American ultralight aircraft

The Mitchell Wing B-10 is an American high-wing, open cockpit, single-seat, tailless, ultralight aircraft and motor glider designed by Don Mitchell and based on his Mitchell Wing hang-glider. It has been produced by a variety of companies in the form of kits and plans for amateur construction. It first flew in 1980.

In 2012 the aircraft was still available in the form of plans and some materials, offered by US Pacific of Fresno, California.

==Design and development==
The Mitchell Wing started off as a foot-launched hang glider with good soaring performance. Mitchell later modified the design into a powered ultralight aircraft with wheeled tricycle landing gear, known as the B-10. The B-10F is a foot-launched variant with only two wheels. The B-10 was designed to comply with the US FAR 103 Ultralight Vehicles rules, including the category's maximum empty weight of 254 lb. The aircraft has a standard empty weight of 245 lb.
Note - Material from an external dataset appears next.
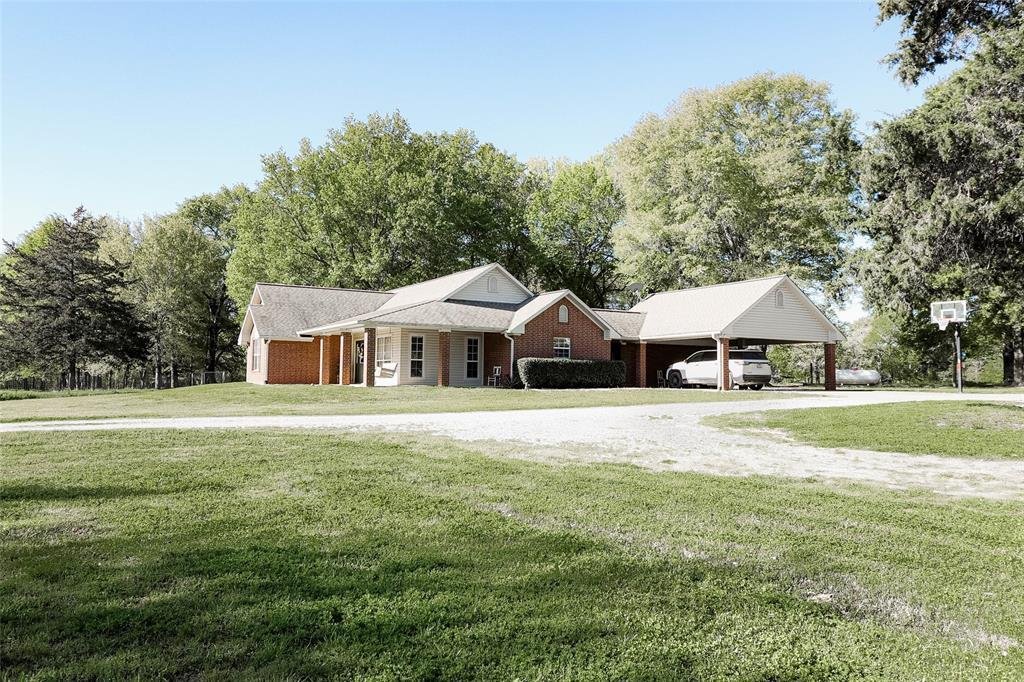 Farm Ranch in Bonham, Texas, United States 3 - 17952432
The B-10's fuselage is made from aluminum tubing while the wing has a birch plywood D-cell leading edge and foam ribs, covered with Dacron sailcloth or doped aircraft fabric. The tailless wing is common to all three variants. It is of tapered and lightly swept form, employing a NACA 23015 airfoil. It has a span of 36 ft span wing, area of 136 sqft, aspect ratio of 8:1. The 8.5 ft outboard wing panels have 6 degrees of dihedral and the wing overall has 12 degrees of sweep. The controls are conventional three axis, comprising trailing elevons and wing tip mounted vertical rudders, and operated via a top-mounted centre stick.

Power is provided by a single engine in pusher configuration, mounted behind the pilot's seat. Small engines in the 20 to 30 hp range can be used: The prototype was fitted with a 12 hp McCulloch MC101, with Chrysler West Bend and McCulloch two-strokes being recommended. and the Zenoah G-25 of 22 hp has been fitted.

Construction time for the supplied plans is estimated at 500 hours.

The B-10 can be quickly disassembled for ground transport or storage. The outer wing panels fold or can be removed, the fuselage cage is detachable and the tip rudders are quickly removed.

The B-10 was subsequently developed into the A-10 and two-seat T-10 and the mid-wing Mitchell U-2 Superwing.